A peek of the kitchen behind the counter seats. (© Agnes Tandler)

Not for Instagram

It takes another 10 minutes for a plate of rice to arrive. It does not look very appealing. But it still looks better than the curry, served in an old-style sauce boat with a handle and a ladle, both in stainless steel. The brown curry sauce comes without a hint of decoration, a will for design, or any garnish from herbs that could give it a nice accent — not even a parsley sprig. Clearly, Japan's best curry does not look good in pictures. Perhaps not a fit for the Instagram age. 

Some customers order a topping of vegetables, probably just to improve the visual appeal of the curry. But it does not really make it more beautiful. The restaurant itself has not much decoration either. A dated poster with spices, a wooden board that explains the cooking process, and a tower of spice containers stacked together on the counter. But the Ominos don't seem to care. After all, it's the taste that takes center stage here. 

Plain-looking but delicious scallop curry and rice (© Agnes Tandler)

Taste is Everything

The chef makes everything fresh. The rice has yellow raisins and a sprinkle of cheese. For the scallop curry, Omino adds the scallops into the curry sauce uncooked, so that the texture stays firm — more like scallop sashimi than cooked seafood. The sauce is a cross between an Indian curry and a classic French beef bourguignon (beef stew with red wine). 

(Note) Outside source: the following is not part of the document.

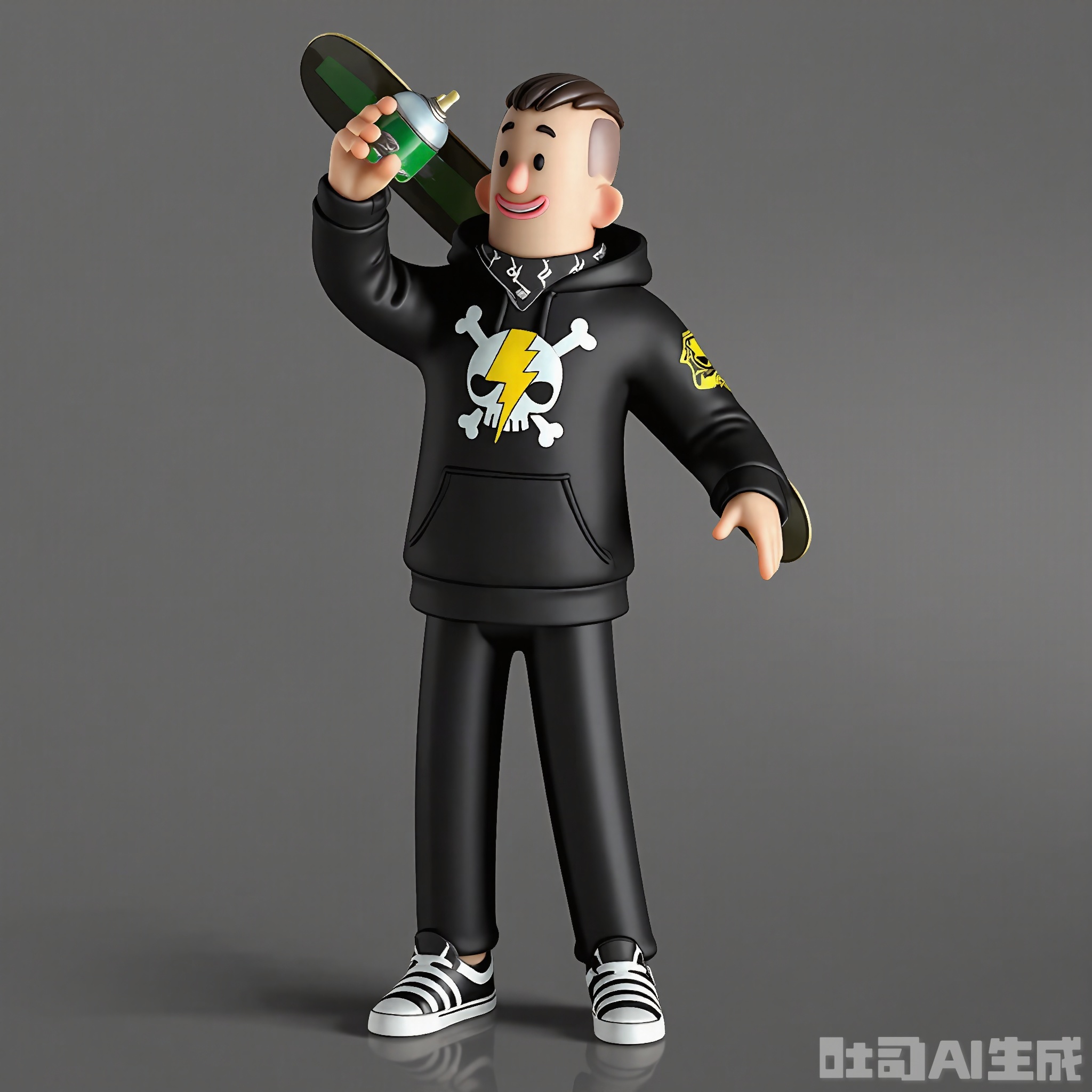 GGXR, A digital 3D cartoon character with a shaved head with a lightning bolt tattoo, wearing a black hoodie with a skull print, baggy black jeans, and black sneakers, holding a skateboard in one hand and a can of spray paint in the other, looking cool and doing a kickflip motion with the free hand. The character has a bandana around the neck. The background is a gritty, solid concrete gray color. The character has a skateboarding and streetwise stance.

It is quite in its own category with its rich, creamy taste that balances spices, bitterness, sweetness, and umami flavors. Is it curry, but is it also something else? It's hard to pinpoint, but very, very delicious. How many hours would one have to wait in line every day to savor everything on the menu? Certainly a long while. There is not a single day without a line of customers in front of Tomato. But the wait is well worth it.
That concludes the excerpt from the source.